> [Task to carry out]
The records below are to be restated word for word, with every picture left out.
———
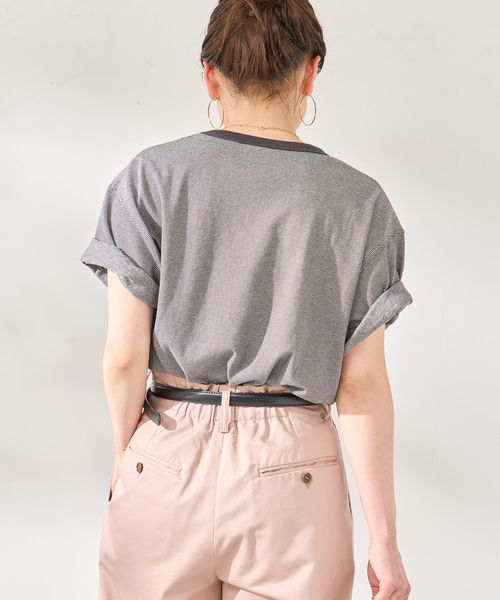 B.C STOCK(ベーセーストック)の「【汗染み防止】SWEATPROOF クルーネックTシャツ(Tシャツ/カットソー・メンズ・チャコールグレー/グレー/ホワイト/ネイビー・SMALL/MEDIUM/LARGE)」の11枚目の写真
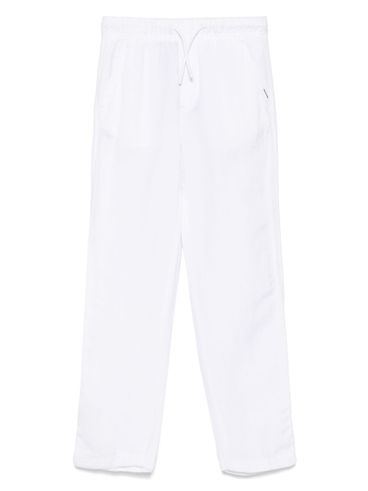TOMMY HILFIGER - Pantaloni bianchi in misto lino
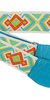Souldier Diamante Orange, Turquoise, Green, Gold Guitar Strap (SKU: 32143) 32143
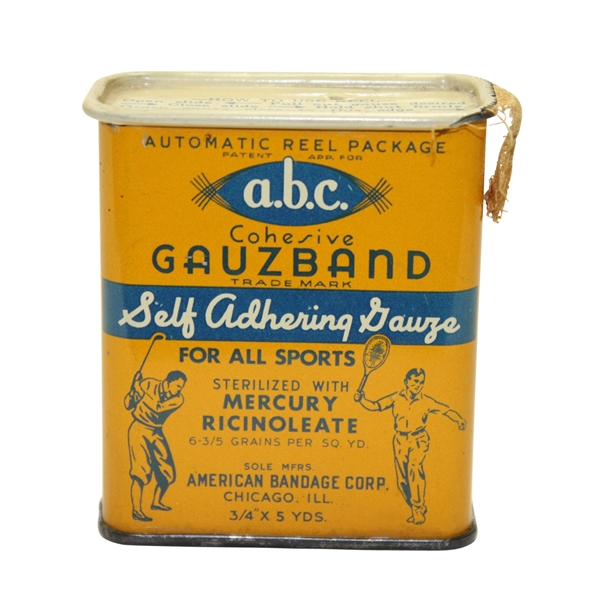 Vintage A.B.C. Cohesive Gauzeband Self Adhesive Gauze - American Bandage Corp. - Chicago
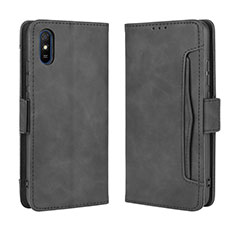 Funda de Cuero Cartera con Soporte Carcasa BY3 para Xiaomi Redmi 9i Negro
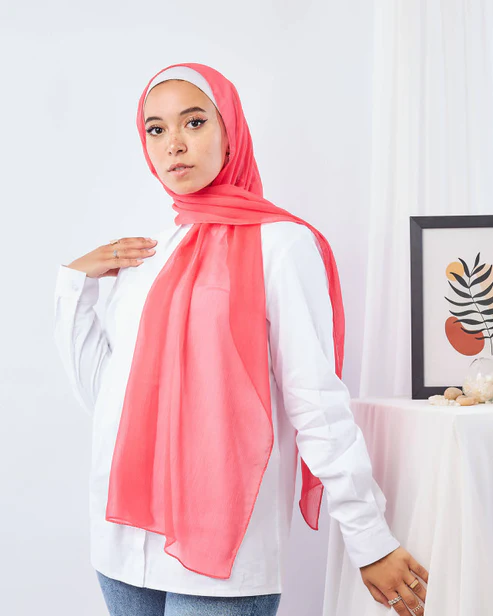 Plain Crinkled Chiffon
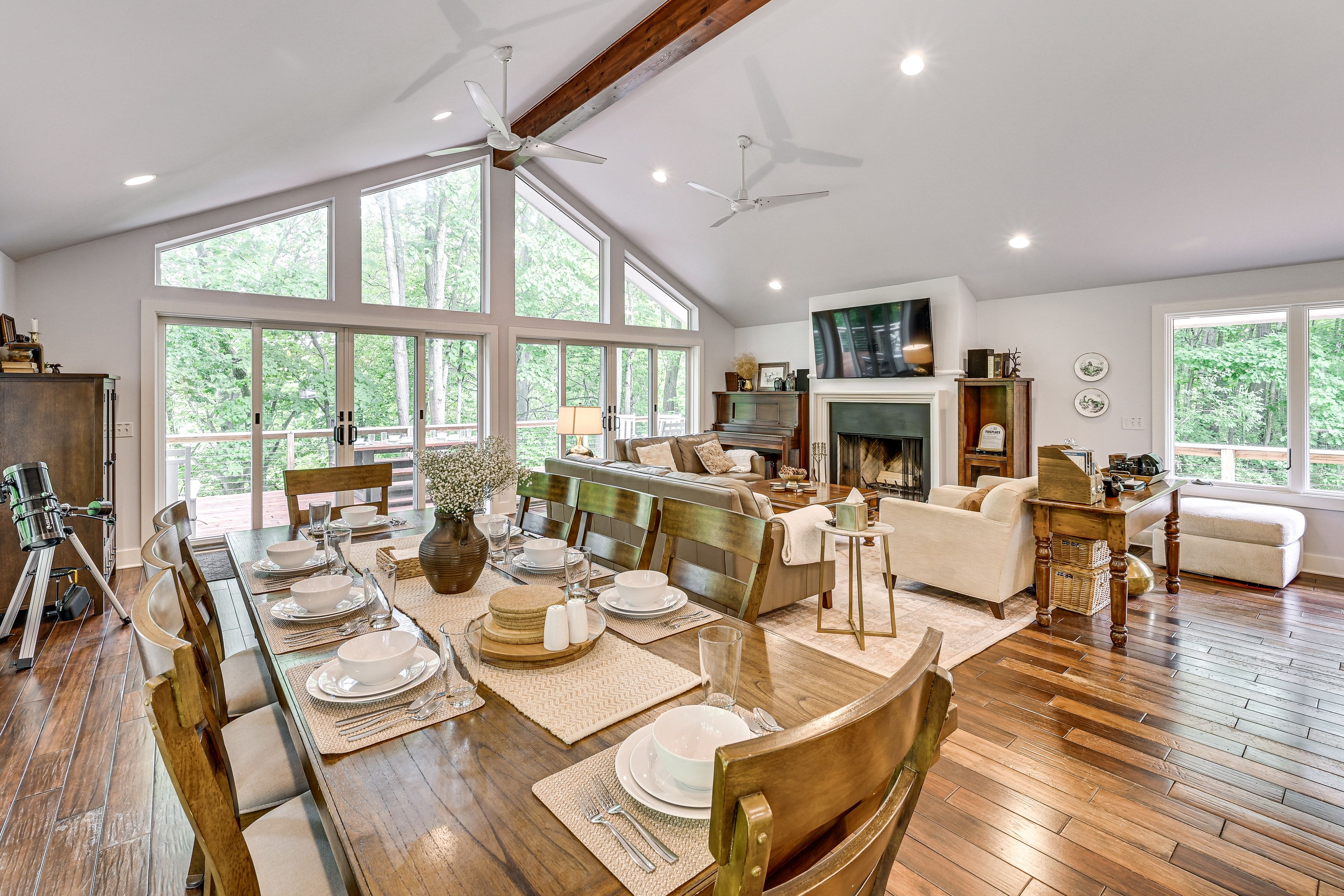 South Haven Vacation Rental | 4BR | 3BA | 4,600 Sq Ft | Stairs Required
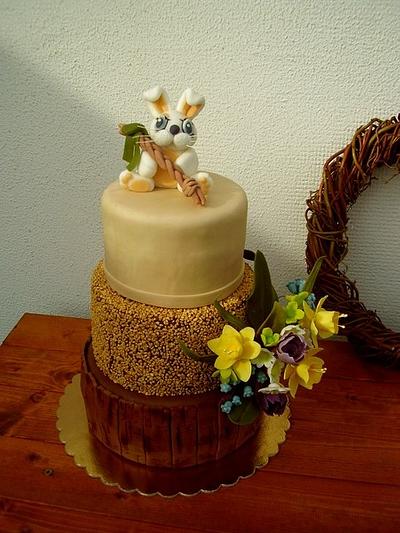 Easter and birthdays cake  - Cake by Stániny dorty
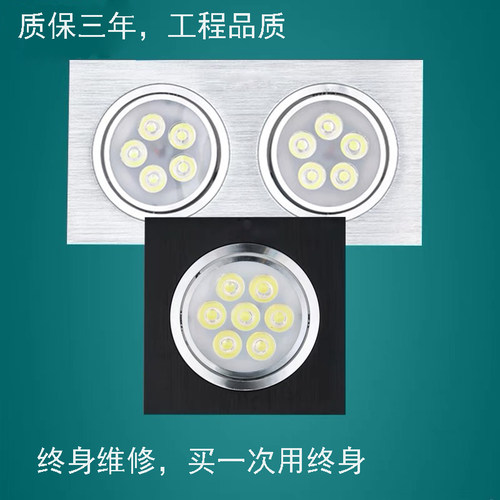 雷欧双头射灯LED格栅嵌入式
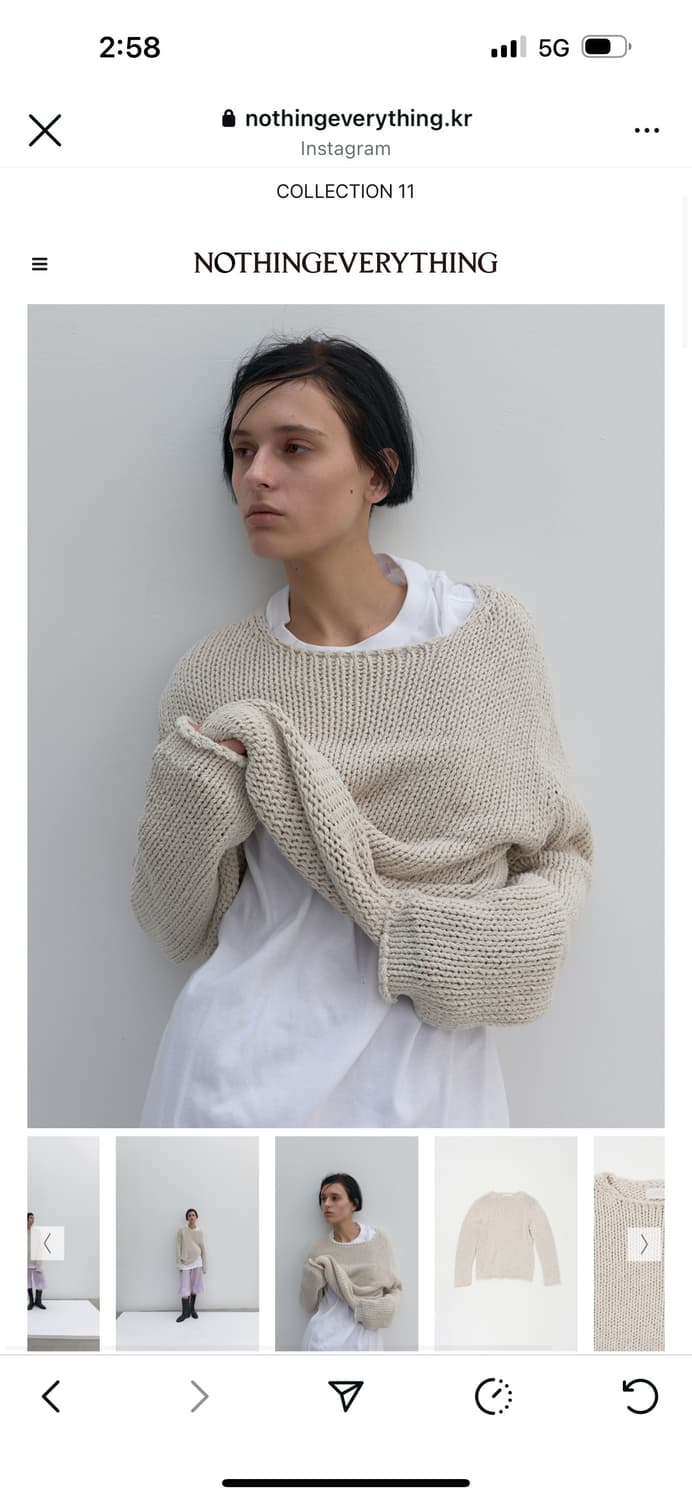 낫띵에브리띵 니트 구해요 ㅠ 상품이미지2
———
> [Task response]
 B.C STOCK(ベーセーストック)の「【汗染み防止】SWEATPROOF クルーネックTシャツ(Tシャツ/カットソー・メンズ・チャコールグレー/グレー/ホワイト/ネイビー・SMALL/MEDIUM/LARGE)」の11枚目の写真
TOMMY HILFIGER - Pantaloni bianchi in misto lino
Souldier Diamante Orange, Turquoise, Green, Gold Guitar Strap (SKU: 32143) 32143
 Vintage A.B.C. Cohesive Gauzeband Self Adhesive Gauze - American Bandage Corp. - Chicago
 Funda de Cuero Cartera con Soporte Carcasa BY3 para Xiaomi Redmi 9i Negro
 Plain Crinkled Chiffon
 South Haven Vacation Rental | 4BR | 3BA | 4,600 Sq Ft | Stairs Required
 Easter and birthdays cake  - Cake by Stániny dorty
 雷欧双头射灯LED格栅嵌入式
 낫띵에브리띵 니트 구해요 ㅠ 상품이미지2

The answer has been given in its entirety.